# Records for the task
--- START ---

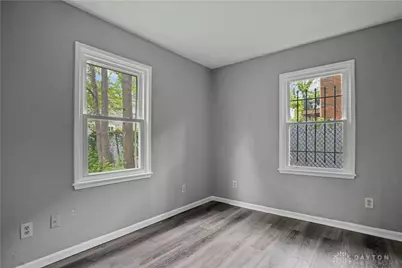 245 E Beechwood Avenue, Dayton, OH 45405 - Photo 10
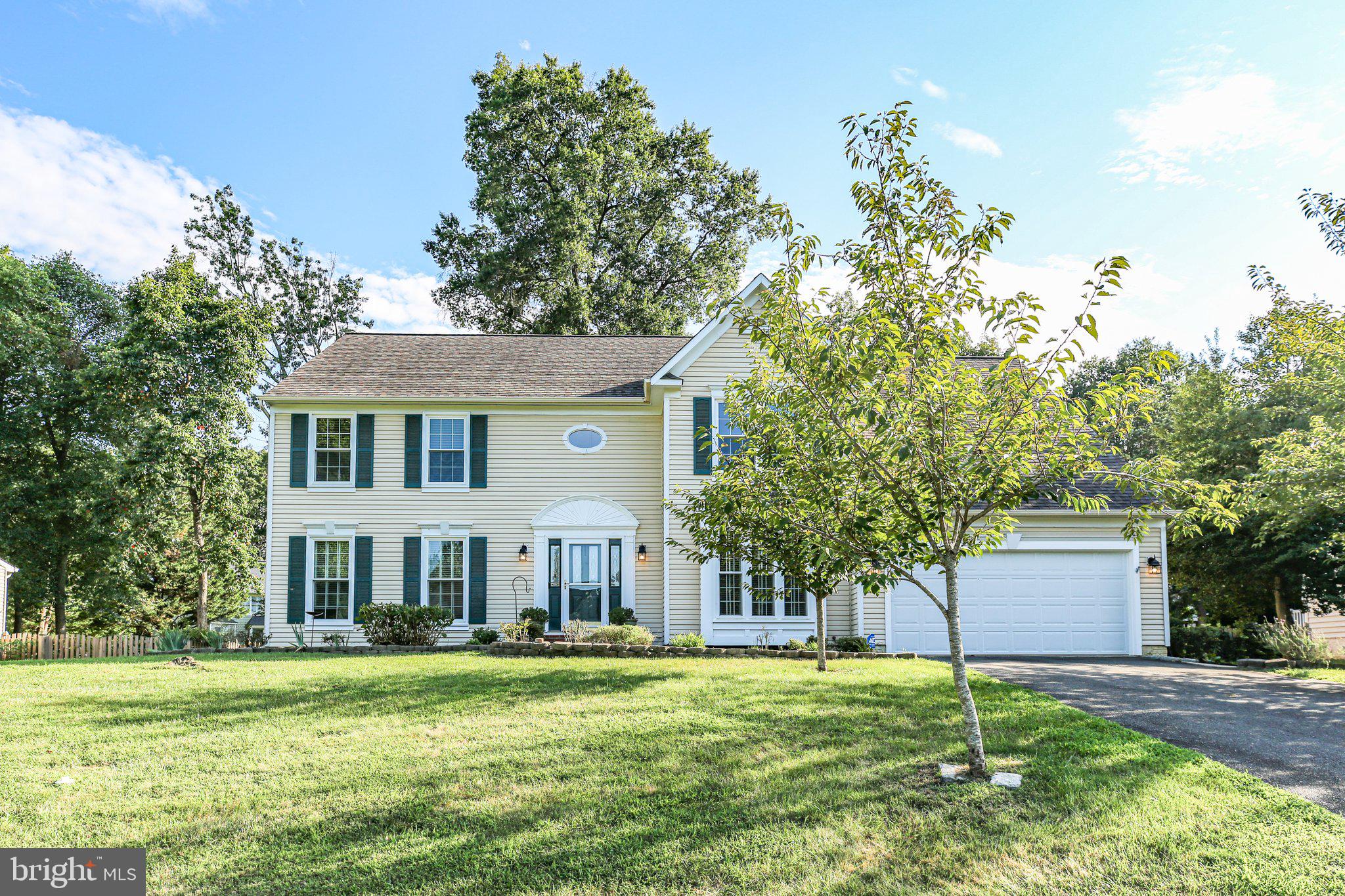 6102 New Pembrook Ln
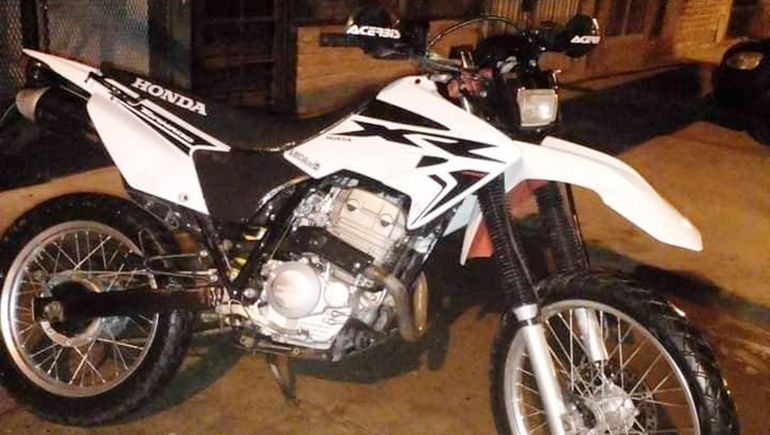 Video: en segundos, robaron dinero y una moto de un comercio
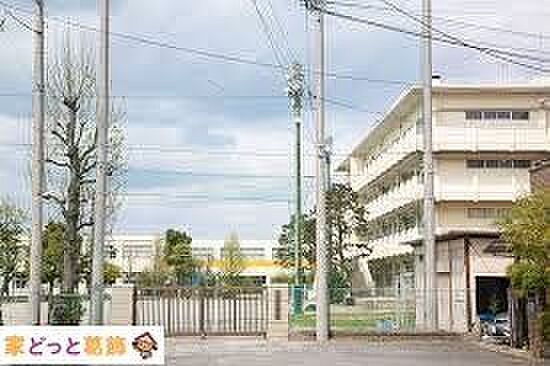 市川市立菅野小学校 徒歩9分。 670m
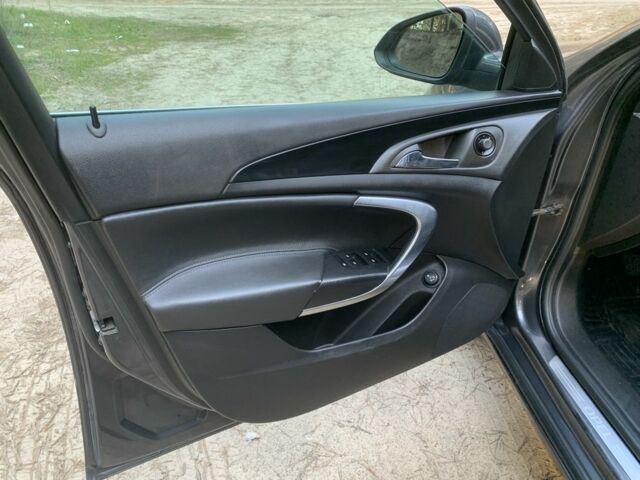 Серый Опель Инсигния, объемом двигателя 2 л и пробегом 276 тыс. км за 7600 $, фото 10 на Automoto.ua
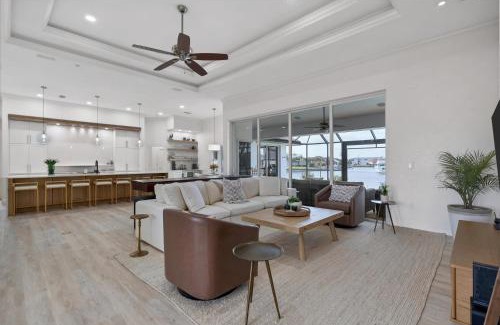 Punta Gorda House | SAN3337 Canalfront Vacation Pool Home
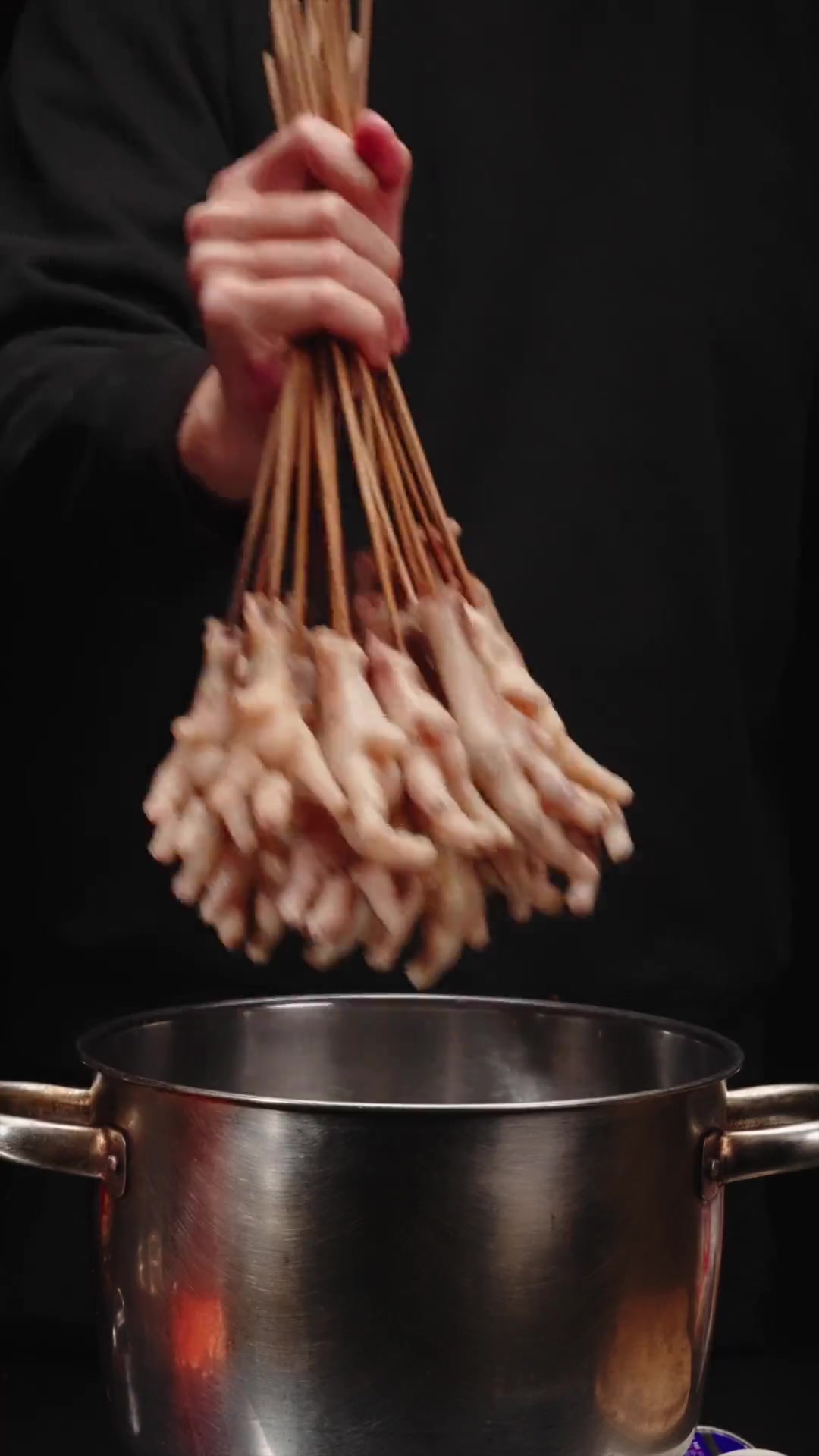 油炸卤鸡脚,好吃到飞起,具体做法放评论区美食官卤鸡脚炸鸡脚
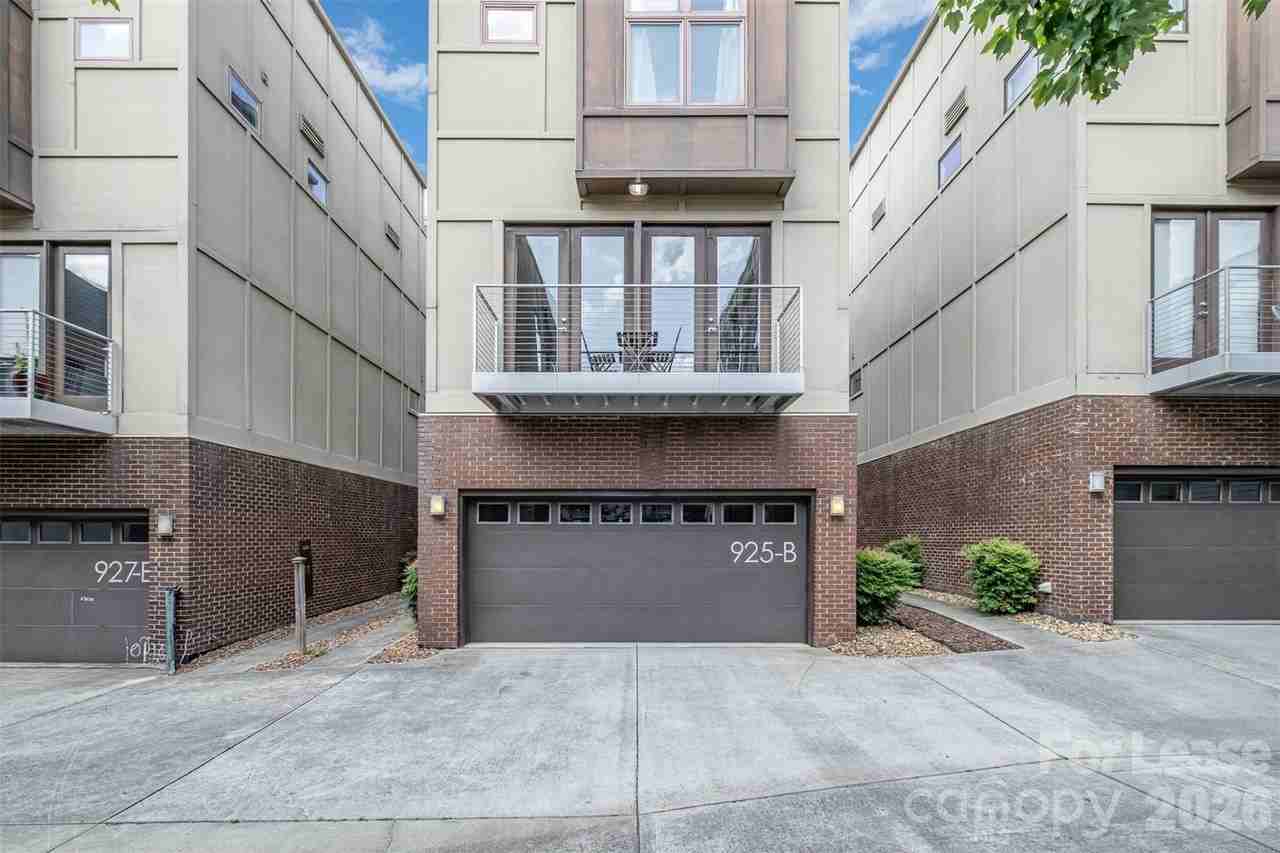 925 Westbrook Dr #B - Photo 2 of 34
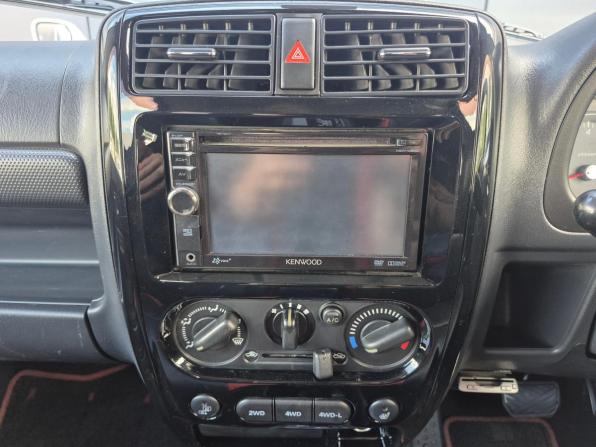 Suzuki Jimny III Рестайлинг 2 с пробегом 2014 года, цена 1 430 000 рублей, 113983 км, внедорожник, Автокод Объявления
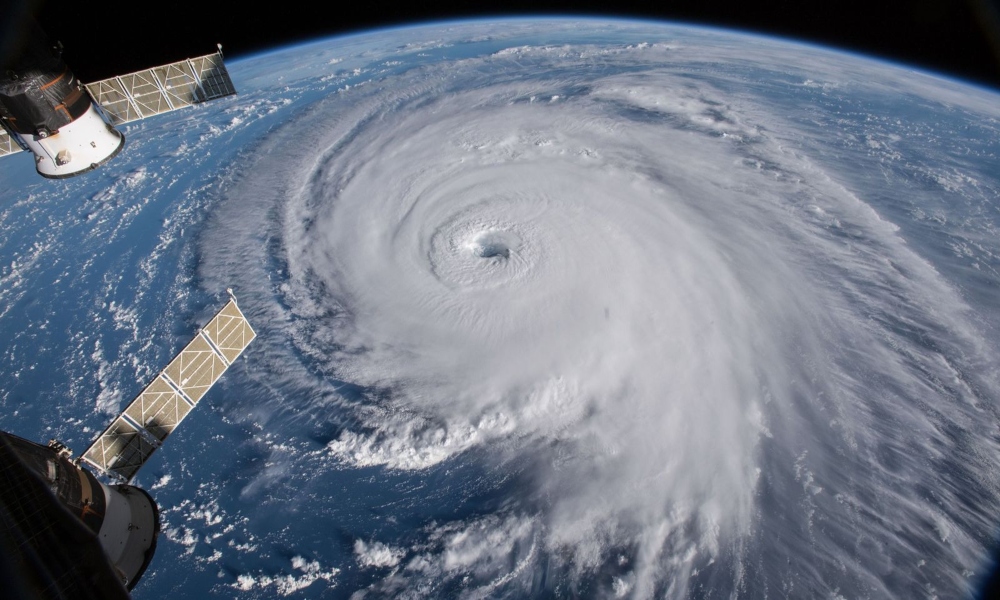 Franklin se convierte en huracán de categoría 4 en el Atlántico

--- END ---

# About this exercise
Without the pictures, give every line above again exactly.

# Written solution
 245 E Beechwood Avenue, Dayton, OH 45405 - Photo 10
 6102 New Pembrook Ln
 Video: en segundos, robaron dinero y una moto de un comercio
 市川市立菅野小学校 徒歩9分。 670m
 Серый Опель Инсигния, объемом двигателя 2 л и пробегом 276 тыс. км за 7600 $, фото 10 на Automoto.ua
 Punta Gorda House | SAN3337 Canalfront Vacation Pool Home
 油炸卤鸡脚,好吃到飞起,具体做法放评论区美食官卤鸡脚炸鸡脚
 925 Westbrook Dr #B - Photo 2 of 34
 Suzuki Jimny III Рестайлинг 2 с пробегом 2014 года, цена 1 430 000 рублей, 113983 км, внедорожник, Автокод Объявления
 Franklin se convierte en huracán de categoría 4 en el Atlántico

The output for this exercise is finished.